November 16 - Day that "In Search of Lost Time" Was First Self-Published

Madeleines de Commercy
Today in 1913, 100 years ago, the first volume of a novel by Marcel Proust (1871-1922), "A la recherche du temps perdu" ("In Search of Lost Time", aka, before 1992, "Remembrance of Things Past"), was published.

Proust began it in 1909, after eating a piece of a madeleine dipped in tea. He uses this experience as a central theme of his book, describing the involuntary remembrances he had of eating madeleines with his aunt in his childhood. (Julia Childs's recipe for them is here.)

Proust's book was turned down by several publishers. Garrison Keillor says that the editor of a prestigious French literary magazine advised Proust that it not be published because of syntactical errors, and he quotes another editor as responding to Proust:
My dear fellow, I may be dead from the neck up, but rack my brains as I may I can't see why a chap should need 30 pages to describe how he turns over in bed before going to sleep.
Proust put up his own money to self-publish the book, paying Grasset to print it. He worked on the subsequent six volumes the rest of his life, 1.5 million words, until he succumbed to a fatal illness. His brother published the final volumes based on manuscripts Marcel left behind.

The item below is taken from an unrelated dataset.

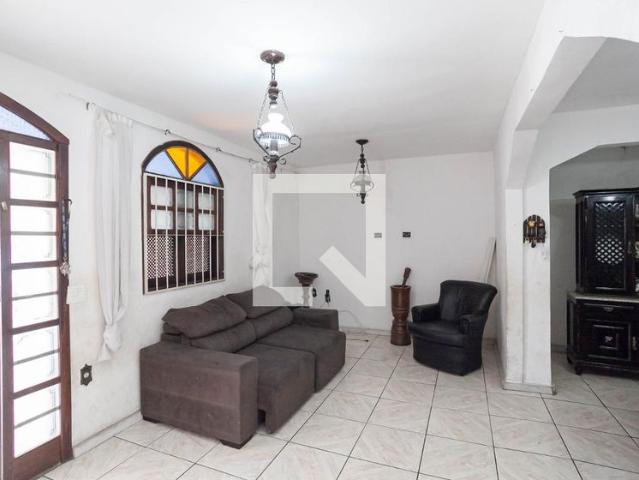Casa aluguel em Conjunto Celso Machado, Belo Horizonte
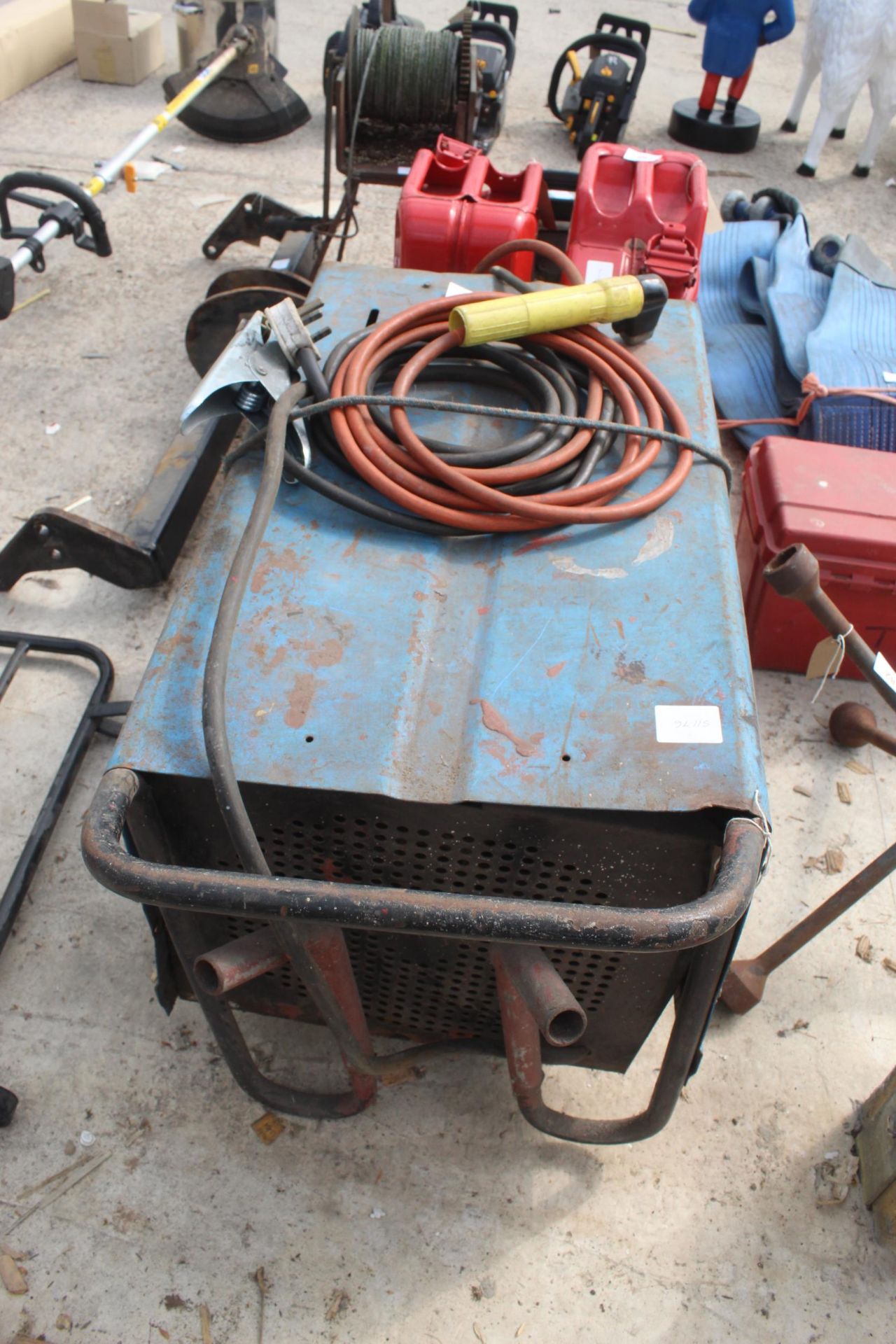 WELDER NO VAT - Image 2 of 3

Edmund White says that the book is "the most respected novel of the 20th century."

Justice Stephen Breyer
Associate Supreme Court Justice Stephen Breyer has an interesting interview in the latest (November 7) New York Review of Books. It is an English translation of an interview in La Revue des Deux Mondes that he had with a French journalist.

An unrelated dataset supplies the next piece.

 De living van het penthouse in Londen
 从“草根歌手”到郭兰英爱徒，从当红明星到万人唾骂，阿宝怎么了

Breyer says he used Proust to learn French when he was a legal intern in Paris for an American law firm, and the Recherche was the first book he read in French.  He describes Proust as "the Shakespeare of the inner mind".

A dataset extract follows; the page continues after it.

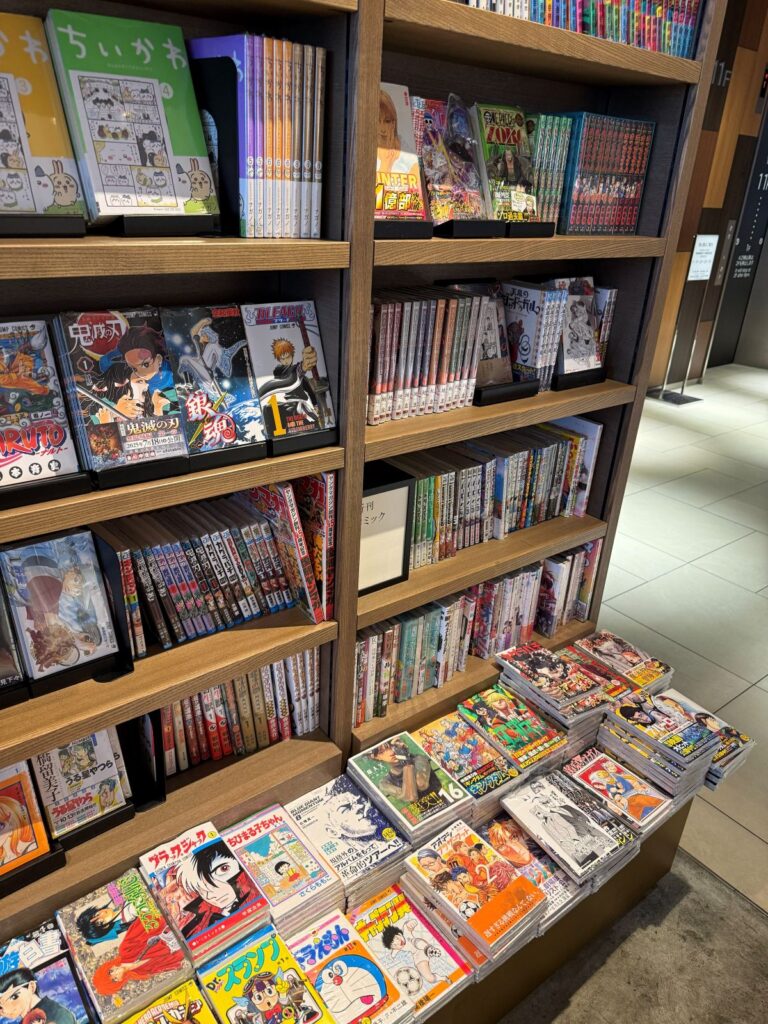 Scaffali di una libreria giapponese pieni di volumi manga divisi per collana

The interviewer asks Breyer why he likes Proust so much. Here is his answer:
It’s all there in Proust—all mankind! Not only all the different character types, but also every emotion, every imaginable situation. Proust is a universal author: he can touch anyone, for different reasons; each of us can find some piece of himself in Proust, at different ages. For instance, the narrator of the Recherche is obsessed with the Duchesse de Guermantes. To him, Oriane embodies a slice of the history of France and glows like a stained-glass window, wreathed in the aura of her aristocratic lineage. Now, however different the situations may be, we have all of us—in our childhood, our adolescence, or later in life—admired from afar someone who has dazzled us for this reason or that. And when we read Proust, we get a glimpse of ourselves.